I was surprised to find Leah wasn't following me out the house. At least that might mean she is warming up to the vampires. As I started driving along the freeway on my motorbike, all I was thinking about was how all my family would be there in my room, crying and telling themselves that this all can't have just happened. Carlisle is there I know trying to see if he can do anything, but really, I think we are all too late. Maybe I should just kill myself now, so I could be with her? Now thinking about it all it doesn't really sound like a bad idea, but that would just mean putting other's lives in danger and we don't want that, do we? Never mind, we're coming up to the house now. There were a lot of cars packed around the house, now including my motorbike. I knew this all would be hard, having to always feel like crying every two seconds, but that just seems to be my life now.

As I stopped the engine of the motorcycle, out of the corner of my eye I noticed Alice step out from the front door of my house.

"Can I have a word before you go in, Jake?" Alice asked me, reminding me that Renesmee is still left inside dying, because of my mistake.

"Why, has she finally gone?" I asked getting off the vehicle accidently dropping it on the ground, and walking over to her, shaking in fear that I had missed her last moments.

"I just wanted to tell you something you should know about." She started to say, as my knees started to give way again, panicking on the idea of what she was about to say. "I haven't told anyone this, Jacob, and I just hope this was the right thing to do. Just please don't kill me when I tell you, please?" Alice said as I now looked into her bright yellow pleading eyes. I just nodded my head slowly, looking down at the floor getting ready to hear what she was about to say. "Jasper is right, it isn't one of us, but it must be one of you, so do you remember anyone who had a liking to Renesmee besides yourself?" She looked at me, but I just shock my head, if there was someone then she would have told me about them by now, wouldn't she, I just thought it was always me, but maybe Renesmee is hiding an important secret from me?

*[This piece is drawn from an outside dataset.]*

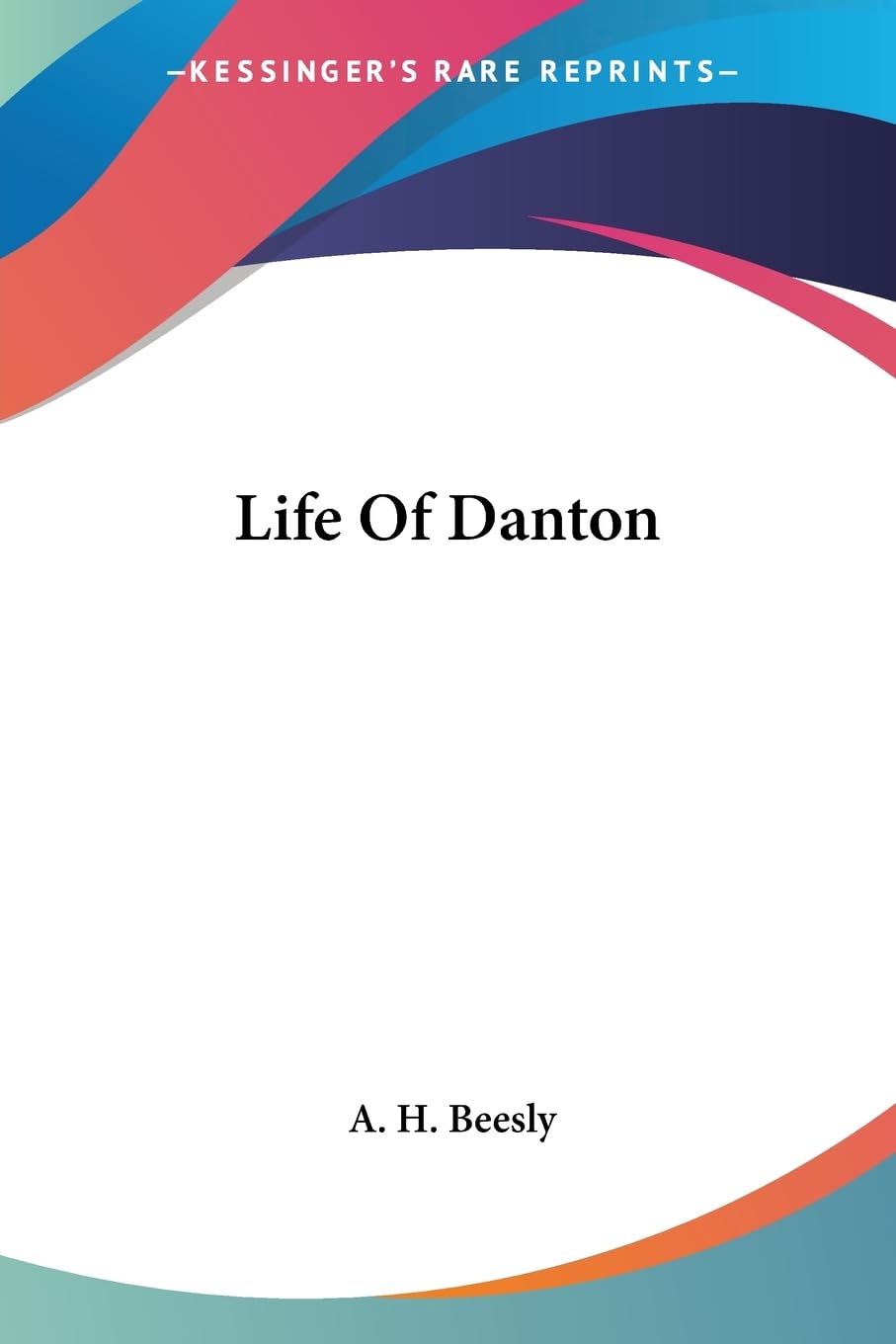 Life Of Danton,Used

"What are you meaning, Alice? What has she not told me about?" I now looked at her hoping Renesmee hasn't have lied to me. I thought all relationships were built on trust, or was ours not?

"I'm sorry, Jacob, I'm so, so sorry. I thought Renesmee had told you this, but I guess not." She looked at me and then I just couldn't take it anymore. I stormed off behind her, through into the house, not saying a word. I could tell she was shocked, but then I got the feeling she was expecting that reaction from me. I was all mixed emotions right now, and I have no idea how much more I can take any longer. I wish I could go back to when everything was going to plan and was all perfect. Right now, it felt like every good thing was being taken away from me. The more I tried to make it better, the more it back fired on me.

The sounds of people crying, and the sound of people shouting at each other, lead me to my room. I could tell Renesmee was still here as our gravity pull got stronger and stronger as I walked more towards my room. As people started noticing my appearance as I got into the hallway everyone started to move out and give me some space. My head was still down looking towards the floor not wanting to see there crying faces just yet. When the last person left I was now on my knees right next to her at her bed side. I had the feeling whatever Carlisle tried to do he couldn't save her. Now, it was my turn to try. This all can't be my end with her; I started thinking in my head. I never pictured myself going to do this. Saving the love of my life was never on my bucket list, but I could add it on now, I guess. What would happen if I couldn't save her? Could I live with myself being alone forever? I just couldn't go and believe that thought was about to become real. Really, all I wanted was to hear Renesmee telling me that everything is going to be okay and we would get through this, together.